Scalable Urban Traffic Control (SURTRAC) is an adaptive traffic control system developed by researchers at the Robotics Institute, Carnegie Mellon University. SURTAC dynamically optimizes the control of traffic signals to improve traffic flow for both urban grids and corridors; optimization goals include less waiting, reduced traffic congestion, shorter trips, and less pollution. The core control engine combines schedule-driven intersection control with decentralized coordination mechanisms. Since June 2012, a pilot implementation of the SURTRAC system has been deployed on nine intersections in the East Liberty neighborhood of Pittsburgh, Pennsylvania. SURTRAC reduced travel times by more than 25% on average, and wait times were reduced by an average of 40%. A second phase of the pilot program for the Bakery Square district has been running since October 2013. In 2015, Rapid Flow Technologies was formed to commercialize the SURTRAC technology. The lead inventor of this technology, Dr. Xiao-Feng Xie, states that he has no association with and does not provide technical supports for this company.

Design
The SURTRAC system design has three characteristics. First, decision-making in SURTRAC proceeds in a decentralized manner. The decentralized control of individual intersections enables greater responsiveness to local real-time traffic conditions. Decentralization facilitates scalability by allowing the incremental addition of controlled intersections over time with little change to the existing adaptive network. It also reduces the possibility of a centralized computational bottleneck and avoids a single point of failure in the system.

A second characteristic of the SURTRAC design is an emphasis on real-time responsiveness to changing traffic conditions. SURTRAC adopts the real-time perspective of prior model-based intersection control methods which attempt to compute intersection control plans that optimize actual traffic inflows. By reformulating the optimization problem as a single machine scheduling problem, the core optimization algorithm termed a schedule-driven intersection control algorithm, is able to compute optimized intersection control plans over an extended horizon on a second-by-second basis.
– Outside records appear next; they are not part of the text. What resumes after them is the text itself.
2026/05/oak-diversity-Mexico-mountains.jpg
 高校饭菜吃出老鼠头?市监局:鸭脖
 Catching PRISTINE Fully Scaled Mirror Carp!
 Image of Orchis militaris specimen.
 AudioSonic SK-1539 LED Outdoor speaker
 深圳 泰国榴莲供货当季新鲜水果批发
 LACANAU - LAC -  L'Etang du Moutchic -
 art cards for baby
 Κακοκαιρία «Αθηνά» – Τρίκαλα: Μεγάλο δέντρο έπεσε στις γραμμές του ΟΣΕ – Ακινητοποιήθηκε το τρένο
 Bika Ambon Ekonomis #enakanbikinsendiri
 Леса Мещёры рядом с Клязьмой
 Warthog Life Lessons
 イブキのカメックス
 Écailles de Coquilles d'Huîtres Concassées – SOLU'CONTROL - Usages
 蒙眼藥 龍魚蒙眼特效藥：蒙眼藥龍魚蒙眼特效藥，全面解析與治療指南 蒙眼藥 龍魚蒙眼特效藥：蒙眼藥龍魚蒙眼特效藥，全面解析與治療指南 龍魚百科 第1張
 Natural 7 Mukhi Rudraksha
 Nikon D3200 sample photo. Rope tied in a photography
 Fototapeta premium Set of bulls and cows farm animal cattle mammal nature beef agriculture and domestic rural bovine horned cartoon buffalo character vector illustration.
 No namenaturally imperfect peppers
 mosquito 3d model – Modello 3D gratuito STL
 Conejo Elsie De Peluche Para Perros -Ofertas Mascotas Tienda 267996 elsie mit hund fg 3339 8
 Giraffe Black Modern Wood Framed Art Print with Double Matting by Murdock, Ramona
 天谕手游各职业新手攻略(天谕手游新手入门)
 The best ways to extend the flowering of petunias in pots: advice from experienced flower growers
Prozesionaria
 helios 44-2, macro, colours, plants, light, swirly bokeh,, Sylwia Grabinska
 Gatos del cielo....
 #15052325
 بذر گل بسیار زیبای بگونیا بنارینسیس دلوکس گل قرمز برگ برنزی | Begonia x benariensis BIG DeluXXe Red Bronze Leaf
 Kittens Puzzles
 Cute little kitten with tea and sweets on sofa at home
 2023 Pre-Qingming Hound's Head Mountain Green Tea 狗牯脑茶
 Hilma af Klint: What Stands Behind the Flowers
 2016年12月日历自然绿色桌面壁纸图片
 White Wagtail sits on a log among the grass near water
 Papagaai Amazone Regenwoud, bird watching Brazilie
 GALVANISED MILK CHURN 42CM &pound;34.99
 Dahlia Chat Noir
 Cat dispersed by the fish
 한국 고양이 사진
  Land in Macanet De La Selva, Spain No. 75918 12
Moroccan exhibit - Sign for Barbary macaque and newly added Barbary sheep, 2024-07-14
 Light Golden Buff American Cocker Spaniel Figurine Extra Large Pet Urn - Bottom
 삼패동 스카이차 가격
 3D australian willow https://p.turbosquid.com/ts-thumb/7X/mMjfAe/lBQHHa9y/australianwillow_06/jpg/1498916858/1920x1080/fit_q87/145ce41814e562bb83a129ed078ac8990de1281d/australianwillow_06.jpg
A third characteristic of the SURTRAC design is to manage urban (grid-like) road networks, where there are multiple competing dominant flows that shift dynamically through the day, and where specific dominant flows cannot be predetermined (as in arterial or major crossroad applications). Urban networks also often have closely spaced intersections requiring tight coordination of the intersection controllers. The combination of competing for dominant flows and densely spaced intersections presents a challenge for all adaptive traffic control systems. SURTRAC determines dominant flows dynamically by continually communicating projected outflows to downstream neighbors. This information gives each intersection controller a more informed basis for locally balancing competing inflows while simultaneously promoting the establishment of larger "green corridors" when traffic flow circumstances warrant.

Criticism

The SURTRAC system uses closed-circuit television cameras to sense traffic conditions. Surveillance of public places with CCTV networks has been criticized as enabling totalitarian forms of government by undermining people's ability to move about anonymously. Images gathered by CCTV cameras can be analyzed by automatic number plate recognition software, permitting fully automated tracking of vehicles by the license plates (number plates) they carry. Similarly, facial recognition software can analyze such images to identify and track people by the shape of their faces. However, the type of video cameras used do not have sufficient resolution to detect license plates or recognize faces. 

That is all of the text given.